Revenue generated is calculated by multiplying the number of carbon credits by the average price of carbon over the 10-year crediting cycle. Future carbon prices are difficult to predict and, therefore, it can be advantageous to work on a fixed price per tonne of carbon based on how much is needed to finance the project, rather than relying on selling credits on the spot market. A conservative price of USD3.50 has been used in the base case financial model. This is an approximation of the average price of carbon credits on the voluntary carbon market in 2016. Based on past experiences, we expect the first revenue from carbon credits to become available in year 3 of the program. Accordingly, alternative funding will be required for the first 3 years to fund the up-front implementation costs of the program. Therefore, a range of proposed funding modalities have been proposed in the financial model including:
- Grants – grants from government and philanthropic sources could be acquired particularly in the first 5 years of the program. This would help to pay for certification costs and field staff.
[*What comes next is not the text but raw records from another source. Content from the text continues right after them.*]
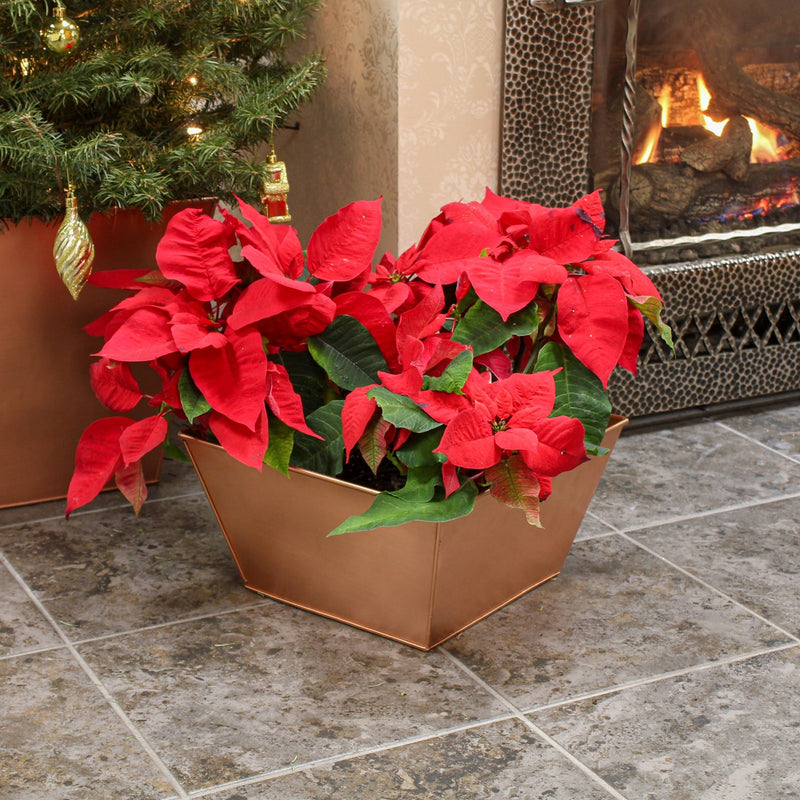 ACHLA Small Copper Flower Box Planter | Galvanized Steel with Copper Plated Finish | Indoor & Outdoor Tabletop or Stand | 12 x 12 x 6 in | Model C-11C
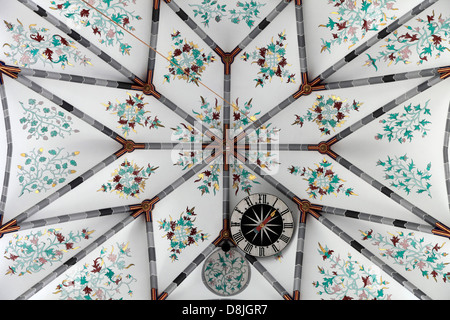 Paesi Bassi, Haarlem, St Bavo Chiesa, interno, soffitto, Foto Stock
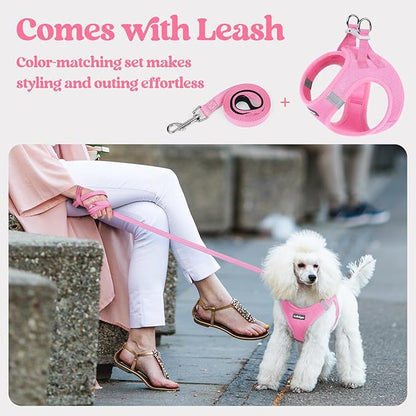 rabbitgoo Dog Harness Medium Sized and Leash Set, Step in Soft Light Puppy Vest, Breathable Mesh Pet Harness, Reflective for Safe Easy Walking, Light Pink XXL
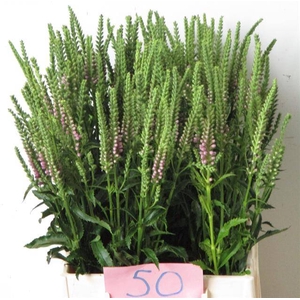 Physo Virginiana Ov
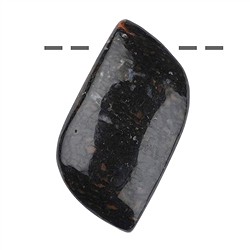 0453095922 Cabochon dino bone drilled, 2.0 - 3.0 cm | wholesaler gems & healing stones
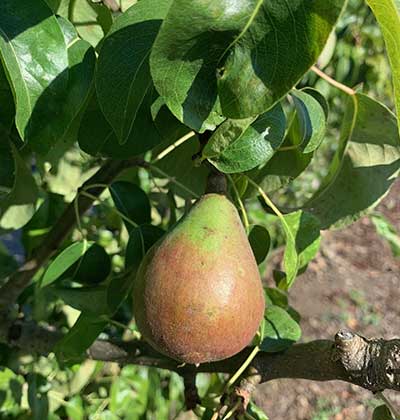 Espalier Pear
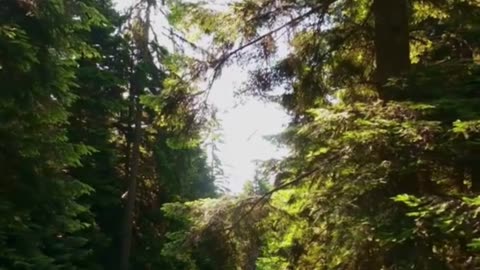 Registered Massage Therapy | Relax & Recover at Golden Maple Physiotherapy Maple Ridge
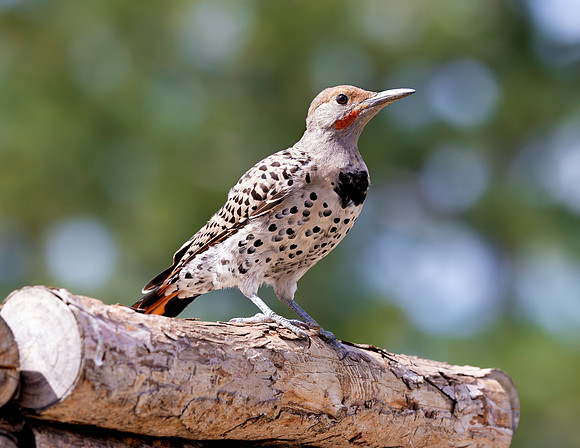 A-bird-083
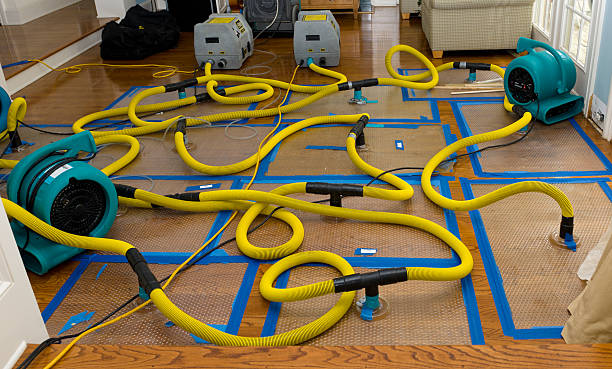 Professional Crawl Space Water Removal technician working in Lunenburg, MA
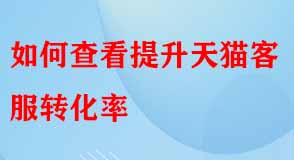 天貓代運營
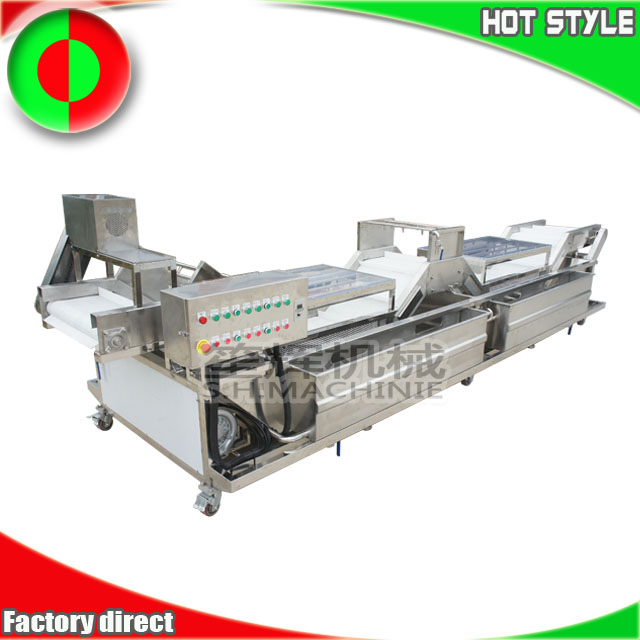Laveur automatique de fruits et légumes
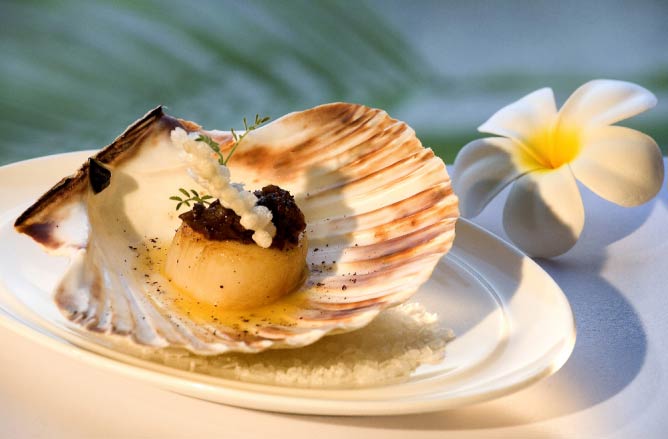 roast scallops balchao, saboodana papad, kokum powder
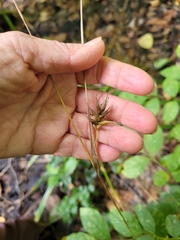 Carex folliculata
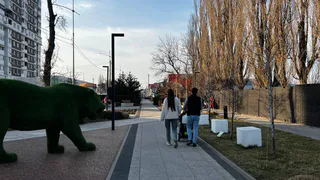 Гении среди нас: определены 3 самых умных знака Зодиака - проверьте, есть ли вы в списке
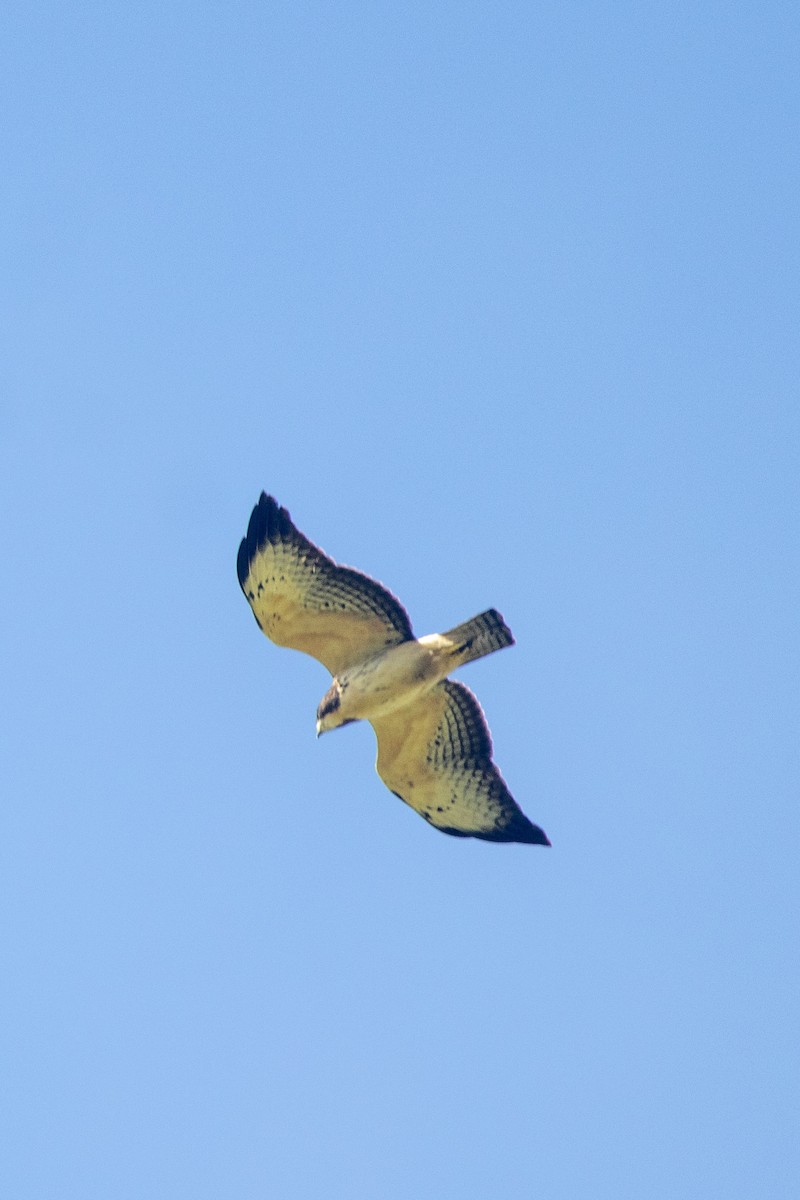 Short-tailed Hawk - ML609099870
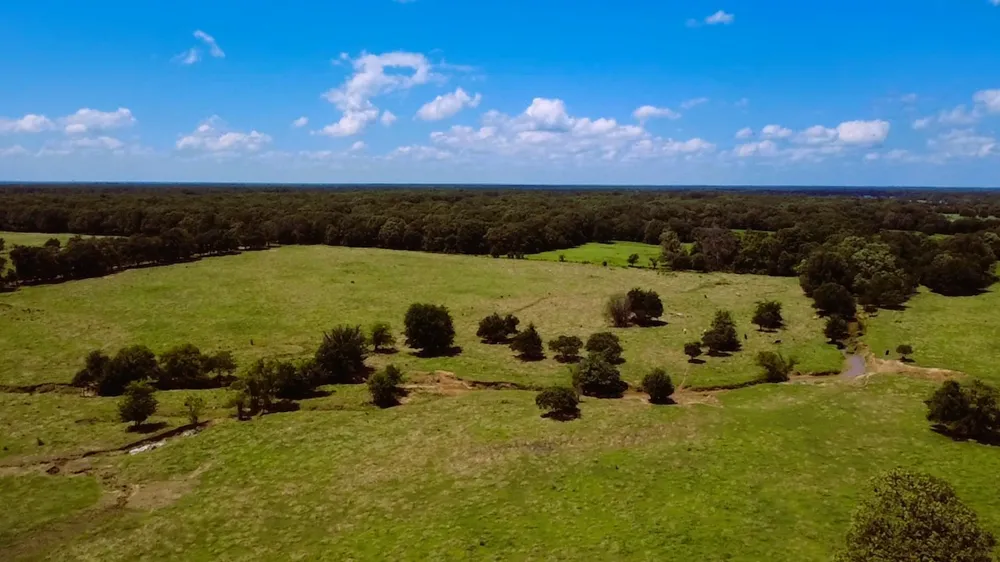 1963 County Road 44750 Blossom, TX 75416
- Mass market product – e.g. an evergreen farmer sponsorship fund could be established whereby a person can sponsor a farm for USD60 and in return they will get 5 carbon credits retired each year they sponsor the farmer (which more or less offsets the fuel used in an average car per year) plus they will get a report on the benefits the farmer is getting from adopting the evergreen practices.
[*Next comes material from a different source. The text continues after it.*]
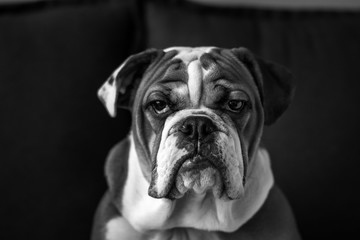 bulldog portrait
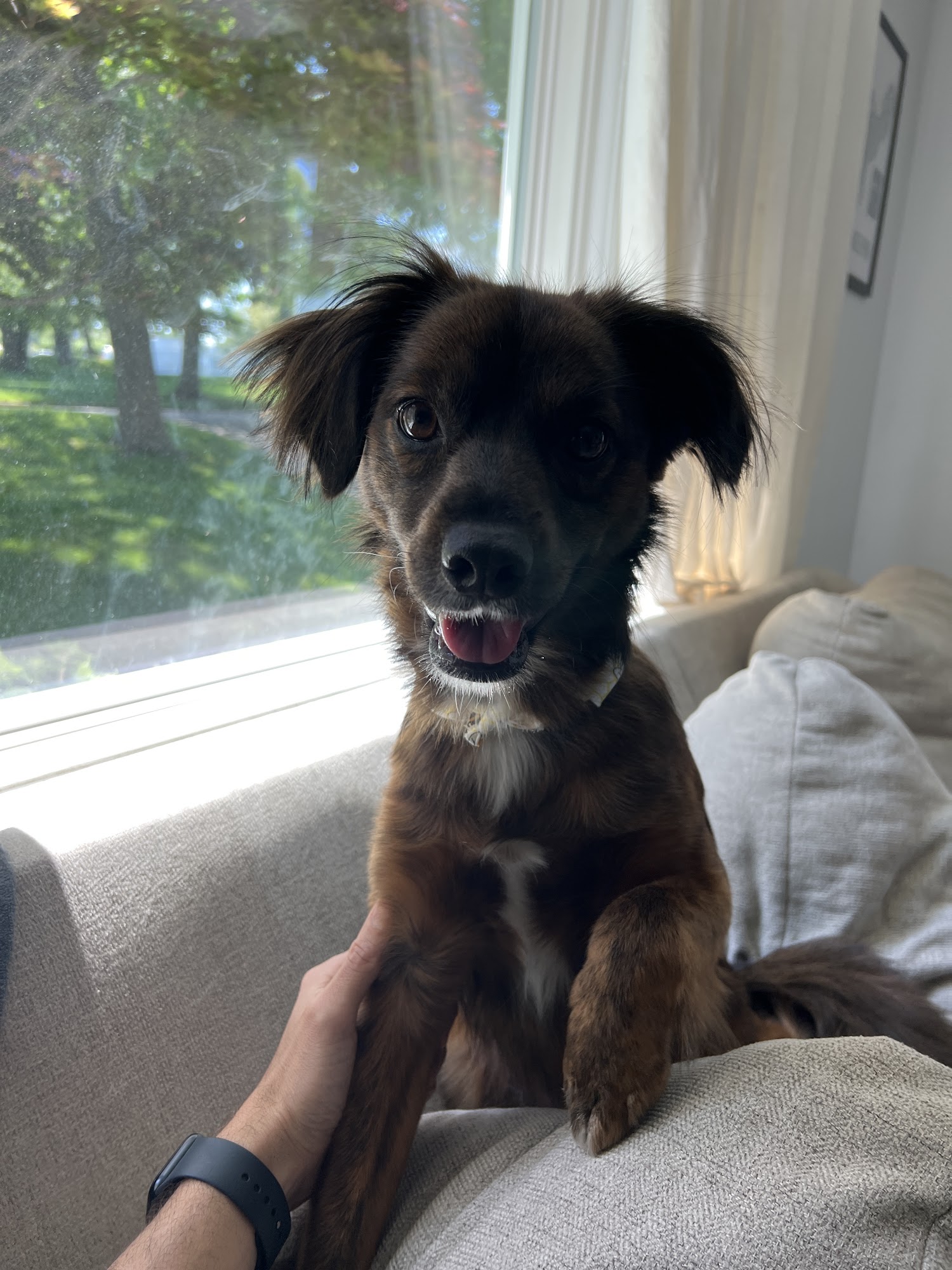 Wet Paws Dog Grooming Trumbull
- Impact investments – If not enough funds can be generated from grants and mass market products then impact investment could be used to help fund the early years of the program and then be paid off over the later parts of the program.
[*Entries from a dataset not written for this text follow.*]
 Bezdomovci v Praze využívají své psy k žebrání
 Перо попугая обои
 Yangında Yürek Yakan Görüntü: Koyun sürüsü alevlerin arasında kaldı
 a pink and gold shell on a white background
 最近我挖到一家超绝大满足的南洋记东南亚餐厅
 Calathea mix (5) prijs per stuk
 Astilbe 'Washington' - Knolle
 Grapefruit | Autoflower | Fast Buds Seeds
Scaling-up trees on farms with smallholder families, we promote evergreen agroforestry practices and Farmer Managed Natural Regeneration (FMNR). FMNR aims to systematically regrow (and manage) trees and shrubs from felled tree stumps, sprouting root systems or seeds. This is integrated into crops and grazing pastures, helping to restore soil structure and fertility, inhibit erosion and soil moisture evaporation, rehabilitate springs and the water table, and increase biodiversity. Some tree species also impart nutrients such as nitrogen into the soil. In addition, on-farm land and vegetation makes a major contribution towards conservation on site, while acting as a buffer to protected areas. The FMNR approach is based on the restoration, conservation and sustainable management of trees in agricultural landscapes through Ever Green practices and aligns with the Ecosystem Based Adaptation approach being used by Conservation International. These practices are proven and popular ways by which low and ultra-low income farm families, supported by World Vision’s rural agriculture micro-finance fund Vision Fund and savings group model, can increase their food crop yields, improve child nutrition, enhance their production of livestock and milk, increase sustainable wood production for energy generation, and produce timber as an asset base for the family and graduate upwards to higher levels of livelihood, climate change adaptation, and resilience. By linking the project to carbon credit markets helps align the incentives of all stakeholders to both create and sustainably manage and maintain restored farm landscapes.